You don’t pay me interest on the money? Why not?
When the job is half done, won’t you release some of the collateral?
You will not release the security upon acceptance/completion of the contract?
You will not release the security until the warranty period is over?
etc. a lot of aggravating phone calls and emails.
With all this deterioration to come, why do some bond companies require collateral? The reason is to protect themselves in the event of a bond claim.
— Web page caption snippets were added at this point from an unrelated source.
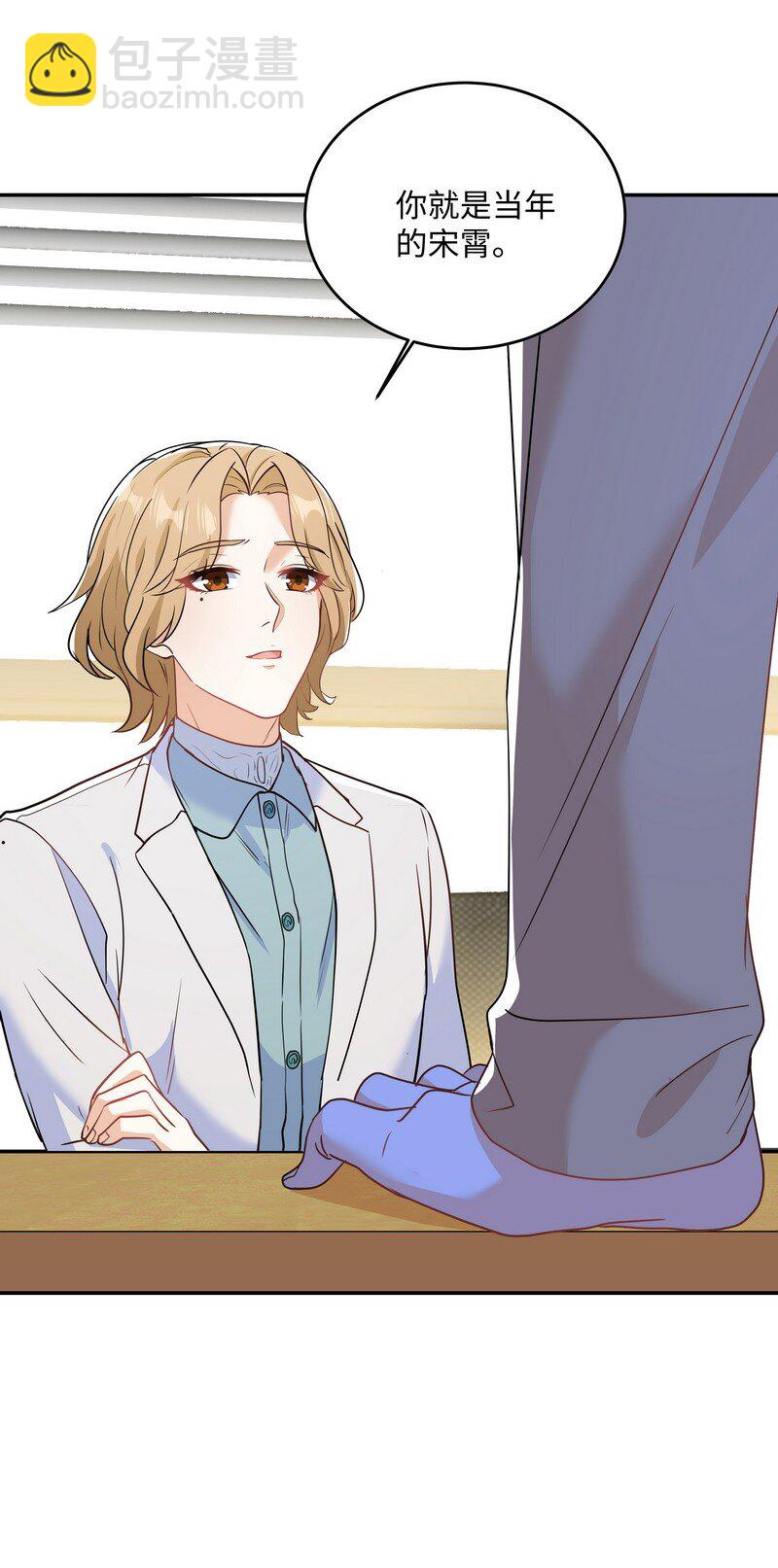 Chap.87 你要把我让给他？(1/2)-第92话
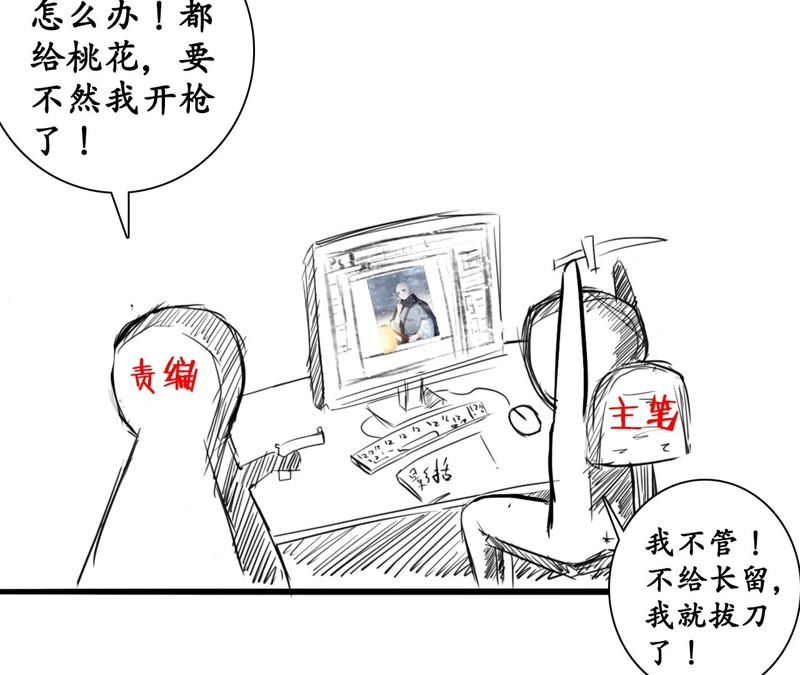 隔壁有只桃花妖韩漫全集-第40话 千年之情无删减无遮挡章节图片 
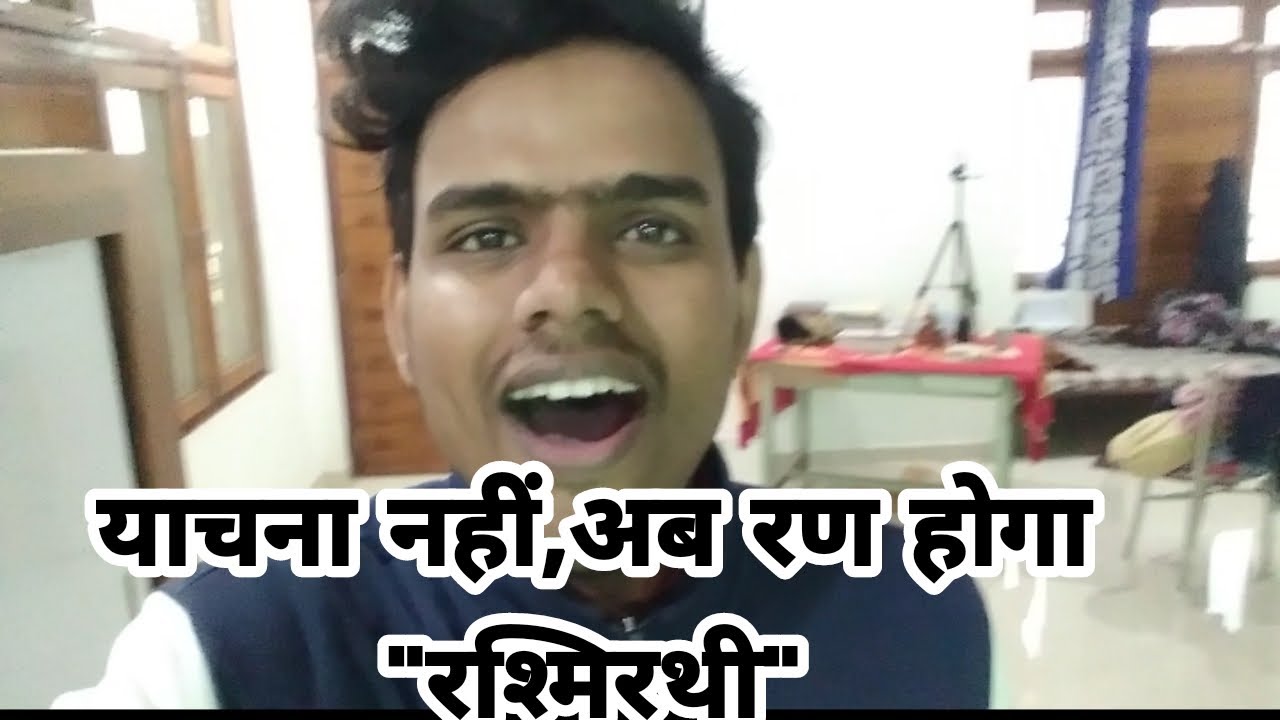 कृष्ण- दुर्योधन संवाद|रश्मिरथी|Ramdhari singh dinkar|Prashant Tripathi|Random_Emotions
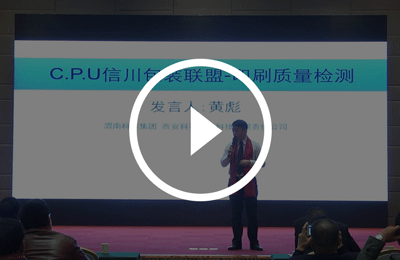 嘉年華路演-檢品 分片機、微波烘干介紹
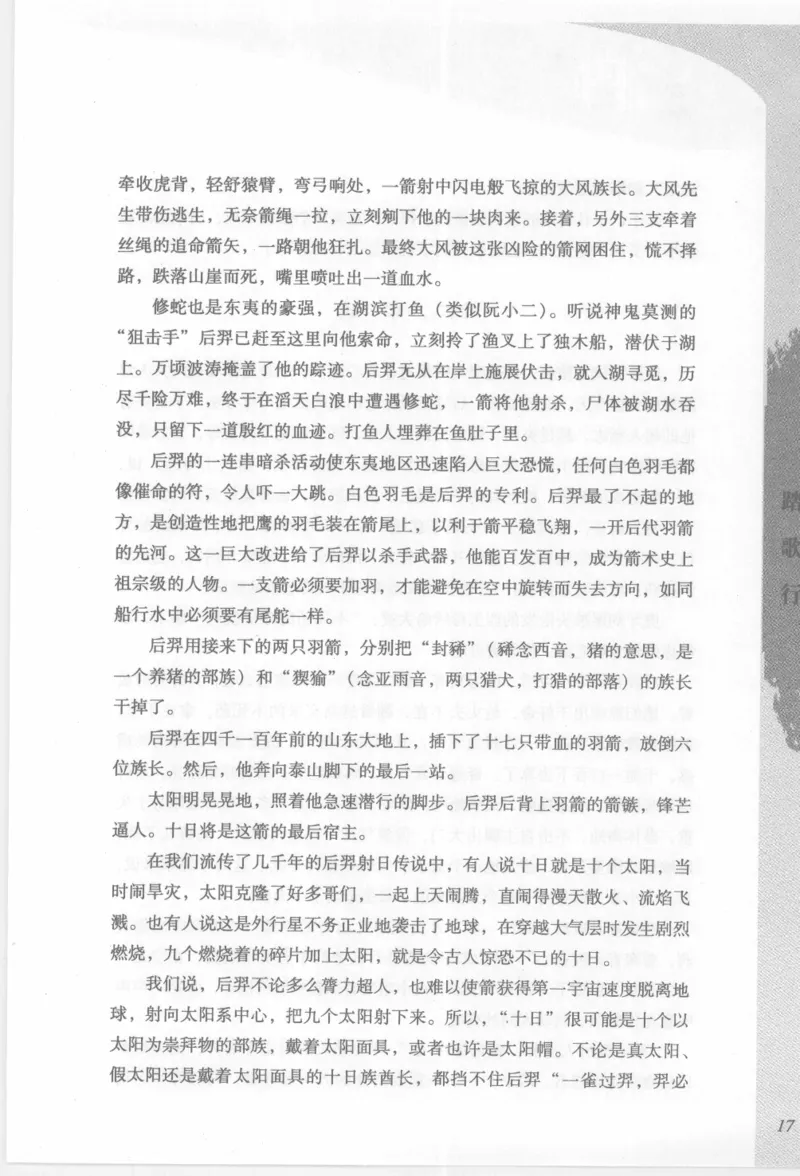 29.《煮酒记：踏歌行》[萧让编著][陕西人民出版社][978-7-224-08765-9][2009][P245]_t涯_《天涯神贴去水印纯干货收藏版-汇总版》天涯的干货[pdf]_天涯社区优质书籍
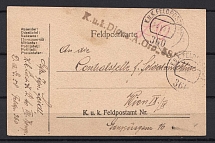Ukraine Austria Fieldpost Postal Card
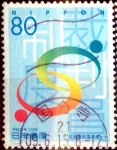 Stamps Japan -  Scott#3116 intercambio 0,60 usd  80 y. 2009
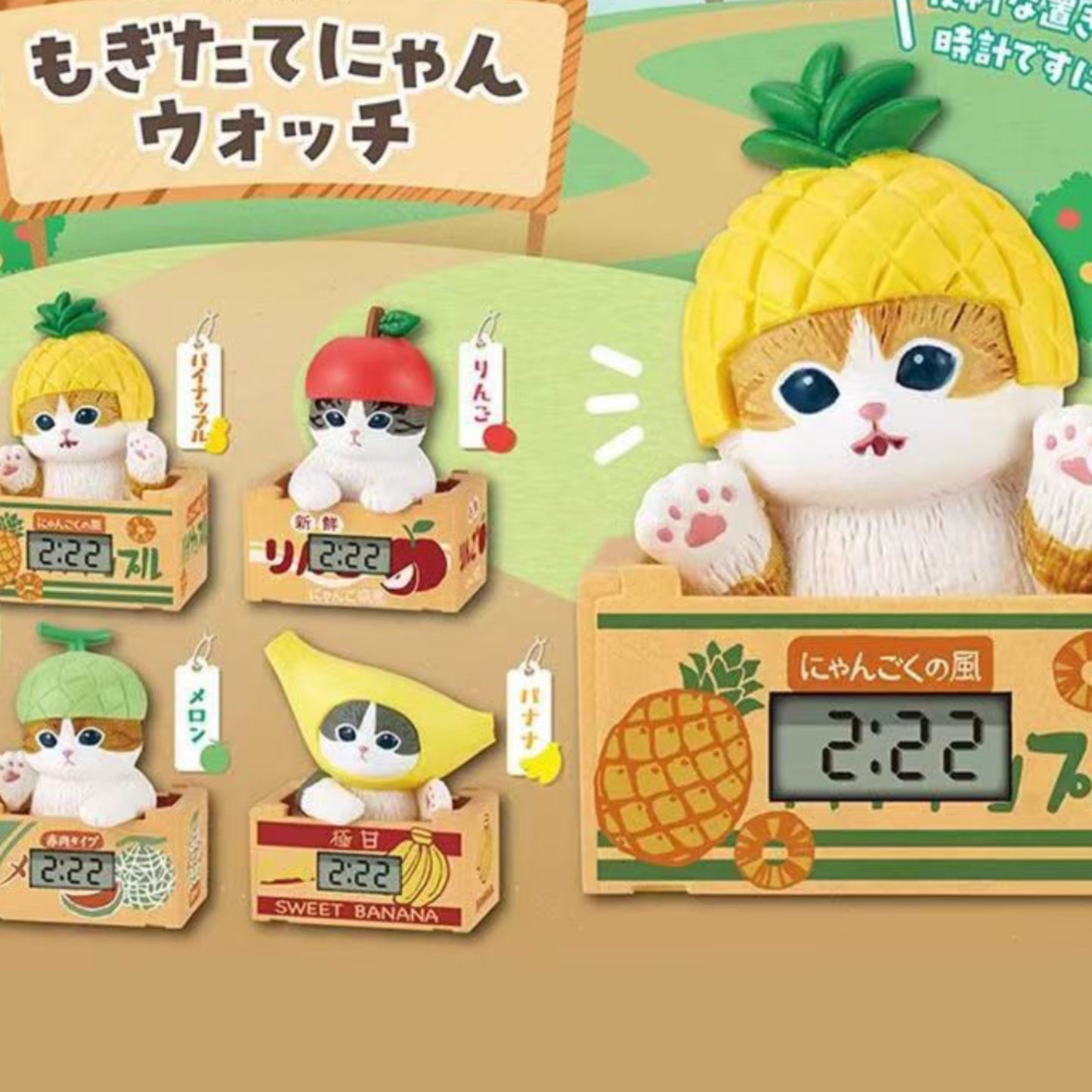 Mofusand Fruit Shaped Cardboard Clock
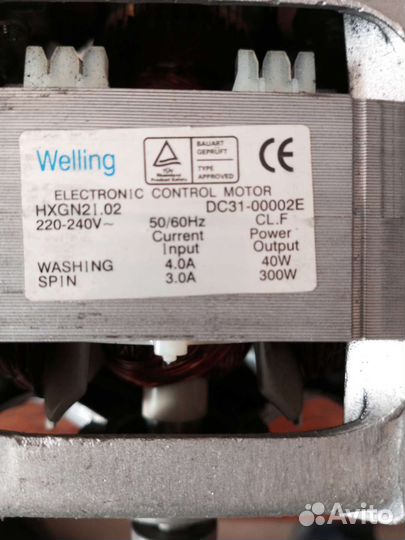 Запчасти для стиральной машины Самсунг R1052/R852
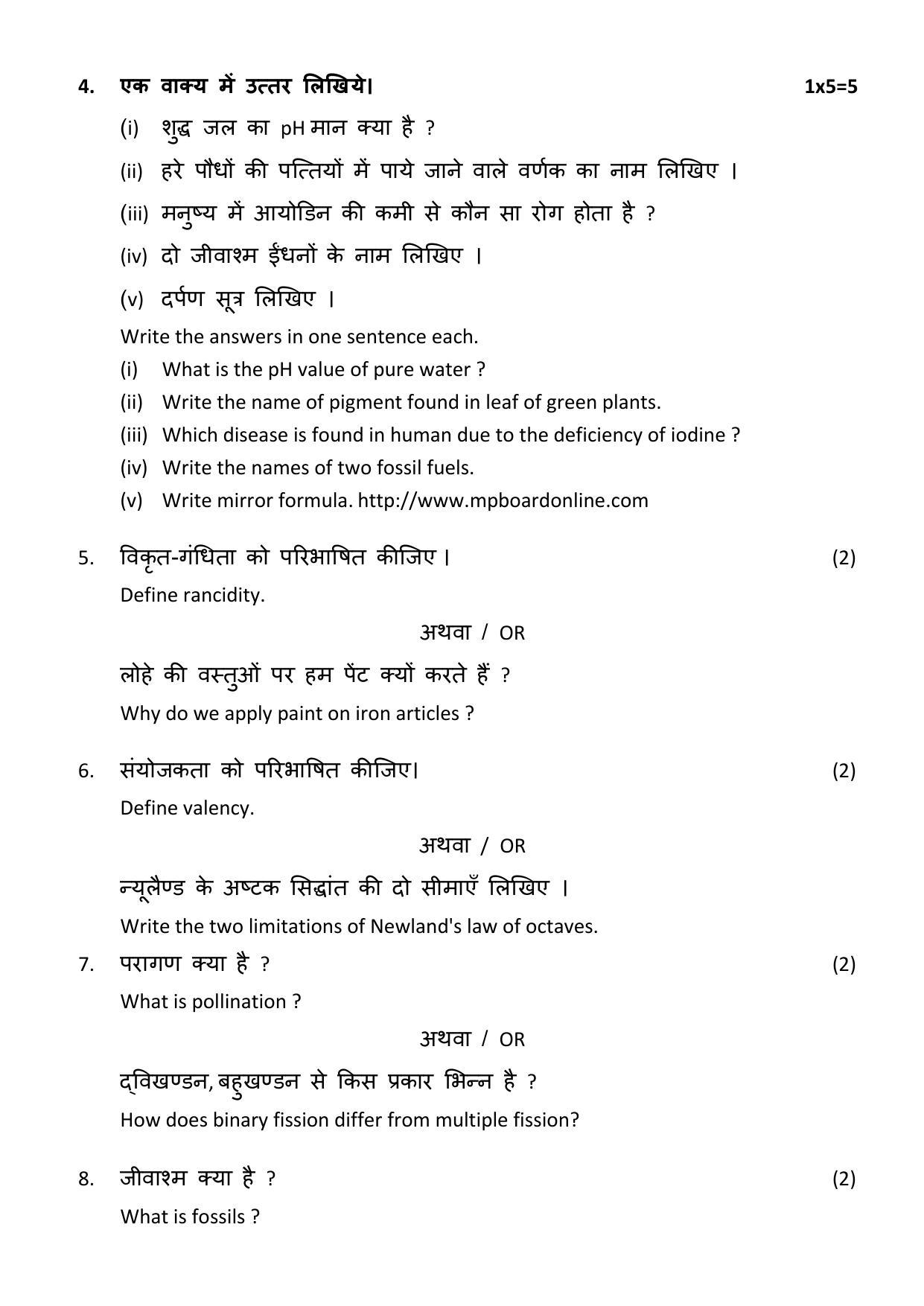 MP Board Class 10 Science 2019 Question Paper - Page 4
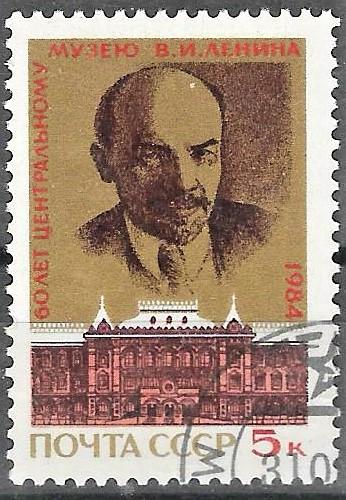 Lenin,Rus1961pulu tek pul damgalı 1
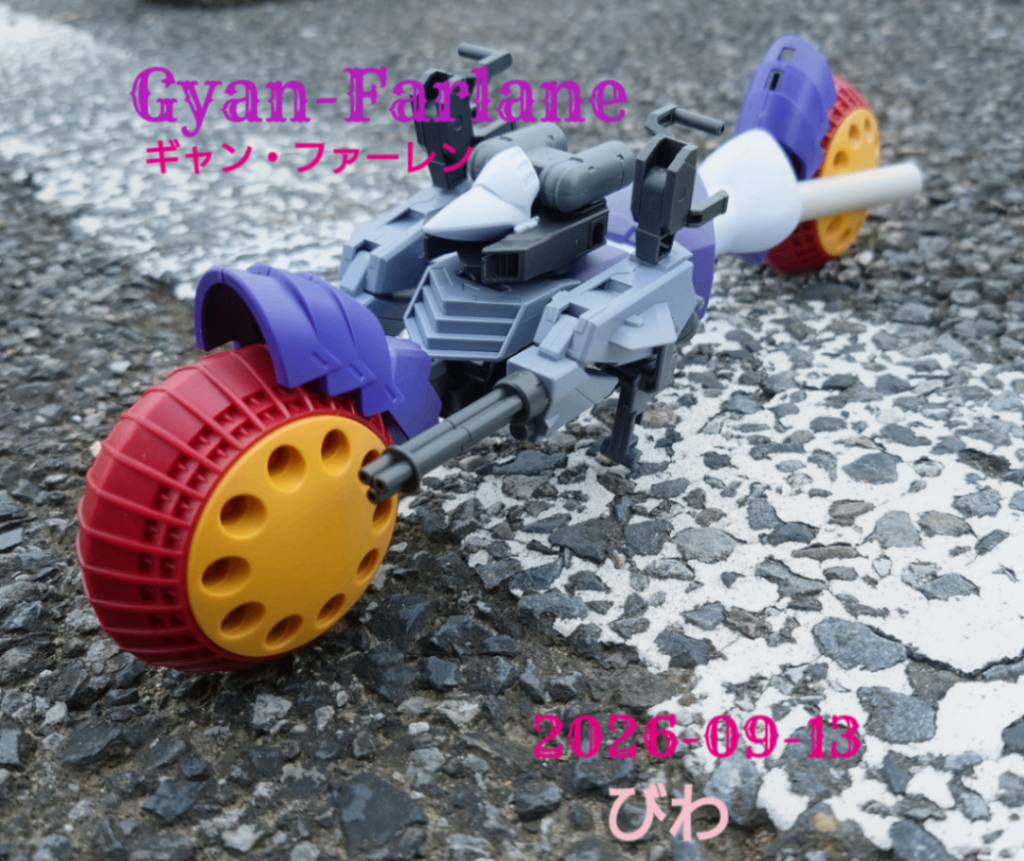 ギャン・ファーレン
When a loss of contract warranty occurs, the claims department hopes to have two reliable resources for financial recovery:
The unpaid balance on the contract goes to the bond when they finish the job
The surety is suing the applicant/company and its owners to recover the loss
Collateral requirements arise when the guarantor wants to have security. If a problem arises, they don’t want to find that the customer has no money, or has declared bankruptcy…or left the country. If they have to write the bond, they want a guaranteed way to financial recovery.
Given that collateral is an expensive price to pay for a warranty, let’s look at an alternative approach that helps the warranty but doesn’t take a big bite out of the contractor!
“Retention” is money that the project owner withholds (retains) to ensure the final completion of the project and the payment of related bills. If the retention is 10%, the contractor receives 90% of the funds owed to him as the work progresses. Ultimately, the contract owner/obligor will still hold 10% to keep the contractor interested in achieving full, satisfactory completion. In this way, the seized money protects both the creditor and the surety – which makes a bond request less likely.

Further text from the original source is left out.